Action item
In full and without change, retype the records.

The input
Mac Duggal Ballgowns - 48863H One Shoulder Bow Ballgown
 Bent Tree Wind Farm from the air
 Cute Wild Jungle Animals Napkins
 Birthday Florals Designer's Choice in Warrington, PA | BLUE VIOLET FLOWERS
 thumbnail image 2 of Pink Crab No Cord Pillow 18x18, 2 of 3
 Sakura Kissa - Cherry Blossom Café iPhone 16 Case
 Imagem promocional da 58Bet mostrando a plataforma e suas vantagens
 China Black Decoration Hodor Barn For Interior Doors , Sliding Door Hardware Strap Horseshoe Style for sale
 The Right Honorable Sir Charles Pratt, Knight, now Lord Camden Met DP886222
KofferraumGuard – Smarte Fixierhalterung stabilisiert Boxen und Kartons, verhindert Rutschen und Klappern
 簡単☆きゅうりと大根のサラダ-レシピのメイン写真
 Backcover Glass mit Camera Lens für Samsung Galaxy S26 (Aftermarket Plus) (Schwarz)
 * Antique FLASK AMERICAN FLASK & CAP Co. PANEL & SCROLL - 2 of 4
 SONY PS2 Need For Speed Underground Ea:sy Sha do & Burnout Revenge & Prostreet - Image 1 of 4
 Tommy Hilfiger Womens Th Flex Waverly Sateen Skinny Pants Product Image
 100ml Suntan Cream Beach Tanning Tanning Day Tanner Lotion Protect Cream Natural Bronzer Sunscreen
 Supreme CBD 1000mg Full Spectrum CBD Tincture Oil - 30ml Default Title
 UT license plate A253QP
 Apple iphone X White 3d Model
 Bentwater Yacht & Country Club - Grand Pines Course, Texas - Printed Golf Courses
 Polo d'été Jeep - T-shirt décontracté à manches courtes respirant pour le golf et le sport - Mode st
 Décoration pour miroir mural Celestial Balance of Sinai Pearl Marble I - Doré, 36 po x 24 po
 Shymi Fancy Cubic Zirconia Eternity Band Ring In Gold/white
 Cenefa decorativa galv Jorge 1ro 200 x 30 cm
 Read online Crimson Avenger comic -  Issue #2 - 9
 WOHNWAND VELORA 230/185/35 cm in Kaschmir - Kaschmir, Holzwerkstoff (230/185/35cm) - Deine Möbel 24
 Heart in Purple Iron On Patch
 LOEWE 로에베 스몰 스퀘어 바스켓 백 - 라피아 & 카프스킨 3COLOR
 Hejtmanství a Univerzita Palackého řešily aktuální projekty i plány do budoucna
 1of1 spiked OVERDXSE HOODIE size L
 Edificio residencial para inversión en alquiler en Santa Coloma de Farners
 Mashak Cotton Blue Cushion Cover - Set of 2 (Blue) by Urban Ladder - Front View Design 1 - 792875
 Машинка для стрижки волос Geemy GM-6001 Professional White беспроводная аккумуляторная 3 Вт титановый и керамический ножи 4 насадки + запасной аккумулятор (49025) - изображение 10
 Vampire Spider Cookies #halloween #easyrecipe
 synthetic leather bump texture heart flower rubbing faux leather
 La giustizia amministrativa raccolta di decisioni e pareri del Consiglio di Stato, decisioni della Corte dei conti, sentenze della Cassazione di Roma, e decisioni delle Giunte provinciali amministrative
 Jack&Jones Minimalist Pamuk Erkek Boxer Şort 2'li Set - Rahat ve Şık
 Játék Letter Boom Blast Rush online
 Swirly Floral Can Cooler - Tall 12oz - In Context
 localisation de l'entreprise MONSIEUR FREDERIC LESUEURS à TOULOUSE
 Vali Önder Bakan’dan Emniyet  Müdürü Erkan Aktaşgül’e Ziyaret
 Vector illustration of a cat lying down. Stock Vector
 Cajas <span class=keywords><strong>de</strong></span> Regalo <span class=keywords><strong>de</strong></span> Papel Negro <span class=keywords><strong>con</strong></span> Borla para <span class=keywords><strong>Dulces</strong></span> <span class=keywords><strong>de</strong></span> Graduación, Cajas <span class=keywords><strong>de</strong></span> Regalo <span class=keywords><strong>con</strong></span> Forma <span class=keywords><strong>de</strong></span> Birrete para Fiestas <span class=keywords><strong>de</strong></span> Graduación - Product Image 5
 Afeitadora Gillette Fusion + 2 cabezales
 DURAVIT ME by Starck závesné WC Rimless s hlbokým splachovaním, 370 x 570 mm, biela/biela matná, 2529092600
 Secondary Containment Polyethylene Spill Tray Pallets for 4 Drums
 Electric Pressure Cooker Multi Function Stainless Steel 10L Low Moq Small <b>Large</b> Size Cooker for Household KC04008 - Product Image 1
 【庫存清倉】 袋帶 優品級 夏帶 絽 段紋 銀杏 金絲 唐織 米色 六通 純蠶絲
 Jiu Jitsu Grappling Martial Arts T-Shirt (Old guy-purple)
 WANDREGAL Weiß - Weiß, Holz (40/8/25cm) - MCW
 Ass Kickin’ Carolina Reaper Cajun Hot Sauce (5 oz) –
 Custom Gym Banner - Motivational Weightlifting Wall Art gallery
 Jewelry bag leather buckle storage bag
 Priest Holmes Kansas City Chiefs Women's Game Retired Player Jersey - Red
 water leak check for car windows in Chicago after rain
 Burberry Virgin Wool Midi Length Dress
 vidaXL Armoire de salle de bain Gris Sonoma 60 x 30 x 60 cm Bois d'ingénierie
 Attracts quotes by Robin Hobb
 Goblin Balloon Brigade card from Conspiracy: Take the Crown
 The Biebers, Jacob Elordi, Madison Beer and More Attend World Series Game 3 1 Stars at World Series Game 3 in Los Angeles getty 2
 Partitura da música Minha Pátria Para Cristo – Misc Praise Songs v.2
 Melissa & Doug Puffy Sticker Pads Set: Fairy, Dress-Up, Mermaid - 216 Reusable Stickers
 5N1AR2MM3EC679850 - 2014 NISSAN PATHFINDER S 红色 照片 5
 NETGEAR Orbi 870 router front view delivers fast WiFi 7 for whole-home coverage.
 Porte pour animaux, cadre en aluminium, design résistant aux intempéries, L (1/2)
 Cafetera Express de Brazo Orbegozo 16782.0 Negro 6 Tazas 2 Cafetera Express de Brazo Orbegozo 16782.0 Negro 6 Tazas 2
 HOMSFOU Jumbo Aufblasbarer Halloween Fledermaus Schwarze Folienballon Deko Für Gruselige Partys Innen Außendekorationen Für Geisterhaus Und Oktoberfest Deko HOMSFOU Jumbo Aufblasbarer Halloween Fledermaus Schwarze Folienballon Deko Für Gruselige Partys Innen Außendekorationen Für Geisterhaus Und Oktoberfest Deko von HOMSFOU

Problem solution
Mac Duggal Ballgowns - 48863H One Shoulder Bow Ballgown
 Bent Tree Wind Farm from the air
 Cute Wild Jungle Animals Napkins
 Birthday Florals Designer's Choice in Warrington, PA | BLUE VIOLET FLOWERS
 thumbnail image 2 of Pink Crab No Cord Pillow 18x18, 2 of 3
 Sakura Kissa - Cherry Blossom Café iPhone 16 Case
 Imagem promocional da 58Bet mostrando a plataforma e suas vantagens
 China Black Decoration Hodor Barn For Interior Doors , Sliding Door Hardware Strap Horseshoe Style for sale
 The Right Honorable Sir Charles Pratt, Knight, now Lord Camden Met DP886222
KofferraumGuard – Smarte Fixierhalterung stabilisiert Boxen und Kartons, verhindert Rutschen und Klappern
 簡単☆きゅうりと大根のサラダ-レシピのメイン写真
 Backcover Glass mit Camera Lens für Samsung Galaxy S26 (Aftermarket Plus) (Schwarz)
 * Antique FLASK AMERICAN FLASK & CAP Co. PANEL & SCROLL - 2 of 4
 SONY PS2 Need For Speed Underground Ea:sy Sha do & Burnout Revenge & Prostreet - Image 1 of 4
 Tommy Hilfiger Womens Th Flex Waverly Sateen Skinny Pants Product Image
 100ml Suntan Cream Beach Tanning Tanning Day Tanner Lotion Protect Cream Natural Bronzer Sunscreen
 Supreme CBD 1000mg Full Spectrum CBD Tincture Oil - 30ml Default Title
 UT license plate A253QP
 Apple iphone X White 3d Model
 Bentwater Yacht & Country Club - Grand Pines Course, Texas - Printed Golf Courses
 Polo d'été Jeep - T-shirt décontracté à manches courtes respirant pour le golf et le sport - Mode st
 Décoration pour miroir mural Celestial Balance of Sinai Pearl Marble I - Doré, 36 po x 24 po
 Shymi Fancy Cubic Zirconia Eternity Band Ring In Gold/white
 Cenefa decorativa galv Jorge 1ro 200 x 30 cm
 Read online Crimson Avenger comic -  Issue #2 - 9
 WOHNWAND VELORA 230/185/35 cm in Kaschmir - Kaschmir, Holzwerkstoff (230/185/35cm) - Deine Möbel 24
 Heart in Purple Iron On Patch
 LOEWE 로에베 스몰 스퀘어 바스켓 백 - 라피아 & 카프스킨 3COLOR
 Hejtmanství a Univerzita Palackého řešily aktuální projekty i plány do budoucna
 1of1 spiked OVERDXSE HOODIE size L
 Edificio residencial para inversión en alquiler en Santa Coloma de Farners
 Mashak Cotton Blue Cushion Cover - Set of 2 (Blue) by Urban Ladder - Front View Design 1 - 792875
 Машинка для стрижки волос Geemy GM-6001 Professional White беспроводная аккумуляторная 3 Вт титановый и керамический ножи 4 насадки + запасной аккумулятор (49025) - изображение 10
 Vampire Spider Cookies #halloween #easyrecipe
 synthetic leather bump texture heart flower rubbing faux leather
 La giustizia amministrativa raccolta di decisioni e pareri del Consiglio di Stato, decisioni della Corte dei conti, sentenze della Cassazione di Roma, e decisioni delle Giunte provinciali amministrative
 Jack&Jones Minimalist Pamuk Erkek Boxer Şort 2'li Set - Rahat ve Şık
 Játék Letter Boom Blast Rush online
 Swirly Floral Can Cooler - Tall 12oz - In Context
 localisation de l'entreprise MONSIEUR FREDERIC LESUEURS à TOULOUSE
 Vali Önder Bakan’dan Emniyet  Müdürü Erkan Aktaşgül’e Ziyaret
 Vector illustration of a cat lying down. Stock Vector
 Cajas <span class=keywords><strong>de</strong></span> Regalo <span class=keywords><strong>de</strong></span> Papel Negro <span class=keywords><strong>con</strong></span> Borla para <span class=keywords><strong>Dulces</strong></span> <span class=keywords><strong>de</strong></span> Graduación, Cajas <span class=keywords><strong>de</strong></span> Regalo <span class=keywords><strong>con</strong></span> Forma <span class=keywords><strong>de</strong></span> Birrete para Fiestas <span class=keywords><strong>de</strong></span> Graduación - Product Image 5
 Afeitadora Gillette Fusion + 2 cabezales
 DURAVIT ME by Starck závesné WC Rimless s hlbokým splachovaním, 370 x 570 mm, biela/biela matná, 2529092600
 Secondary Containment Polyethylene Spill Tray Pallets for 4 Drums
 Electric Pressure Cooker Multi Function Stainless Steel 10L Low Moq Small <b>Large</b> Size Cooker for Household KC04008 - Product Image 1
 【庫存清倉】 袋帶 優品級 夏帶 絽 段紋 銀杏 金絲 唐織 米色 六通 純蠶絲
 Jiu Jitsu Grappling Martial Arts T-Shirt (Old guy-purple)
 WANDREGAL Weiß - Weiß, Holz (40/8/25cm) - MCW
 Ass Kickin’ Carolina Reaper Cajun Hot Sauce (5 oz) –
 Custom Gym Banner - Motivational Weightlifting Wall Art gallery
 Jewelry bag leather buckle storage bag
 Priest Holmes Kansas City Chiefs Women's Game Retired Player Jersey - Red
 water leak check for car windows in Chicago after rain
 Burberry Virgin Wool Midi Length Dress
 vidaXL Armoire de salle de bain Gris Sonoma 60 x 30 x 60 cm Bois d'ingénierie
 Attracts quotes by Robin Hobb
 Goblin Balloon Brigade card from Conspiracy: Take the Crown
 The Biebers, Jacob Elordi, Madison Beer and More Attend World Series Game 3 1 Stars at World Series Game 3 in Los Angeles getty 2
 Partitura da música Minha Pátria Para Cristo – Misc Praise Songs v.2
 Melissa & Doug Puffy Sticker Pads Set: Fairy, Dress-Up, Mermaid - 216 Reusable Stickers
 5N1AR2MM3EC679850 - 2014 NISSAN PATHFINDER S 红色 照片 5
 NETGEAR Orbi 870 router front view delivers fast WiFi 7 for whole-home coverage.
 Porte pour animaux, cadre en aluminium, design résistant aux intempéries, L (1/2)
 Cafetera Express de Brazo Orbegozo 16782.0 Negro 6 Tazas 2 Cafetera Express de Brazo Orbegozo 16782.0 Negro 6 Tazas 2
 HOMSFOU Jumbo Aufblasbarer Halloween Fledermaus Schwarze Folienballon Deko Für Gruselige Partys Innen Außendekorationen Für Geisterhaus Und Oktoberfest Deko HOMSFOU Jumbo Aufblasbarer Halloween Fledermaus Schwarze Folienballon Deko Für Gruselige Partys Innen Außendekorationen Für Geisterhaus Und Oktoberfest Deko von HOMSFOU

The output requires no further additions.